Leasing activity remained vibrant, with companies increasingly opting for short-term, flexible leases to address fleet parking, equipment storage, and project-based requirements. Prime locations commanded premium rental rates, though exact figures remain to be detailed. Despite challenges like rising construction costs and interest rates, pre-leasing deals mitigated development risks, ensuring sustained market appeal. However, land scarcity and escalating costs could temper new development in 2025.
Fort Worth: A Resilient Market
Fort Worth’s IOS market witnessed increased activity in the latter half of 2024. While new construction starts declined compared to earlier quarters, net absorption surged in Q3, leading to a notable drop in vacancy rates. Rent growth slowed overall but remained strong for well-located in-fill facilities, benefiting from high transportation and construction costs, demand in submarkets like Alliance, and zoning changes limiting supply in areas such as southeast Fort Worth.
Market rents for in-fill IOS climbed to an average of $5,500 per acre per month, reflecting a $500 increase from earlier in the year.
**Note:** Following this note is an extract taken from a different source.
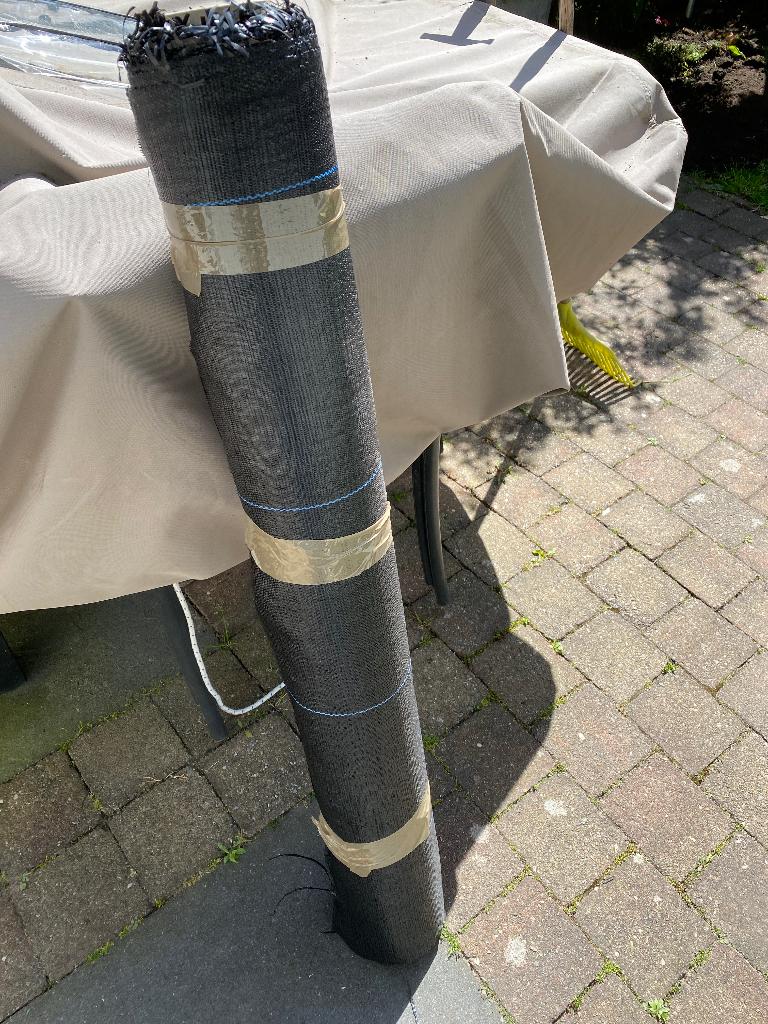 Worteldoek, Ophalen, Nieuw, Overige materialen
In contrast, rental rates for assets in outlying areas remained flat. As the trucking and freight recession concluded, demand for IOS assets rebounded, with contractors and suppliers stockpiling inventory to hedge against potential tariff-related cost increases. Fort Worth, as a key intermodal distribution hub, is poised for further growth in 2025, supported by its strategic positioning and robust market fundamentals.
Conclusion
The IOS sector continues to exhibit strong potential, driven by institutional investment, tenant demand, and evolving market dynamics. While challenges such as rising capital costs and policy uncertainties persist, the sector’s high barriers to entry and constrained supply create a favorable environment for sustained growth. With key markets like Dallas and Fort Worth leading the charge, the IOS market is well-positioned for another dynamic year in 2025.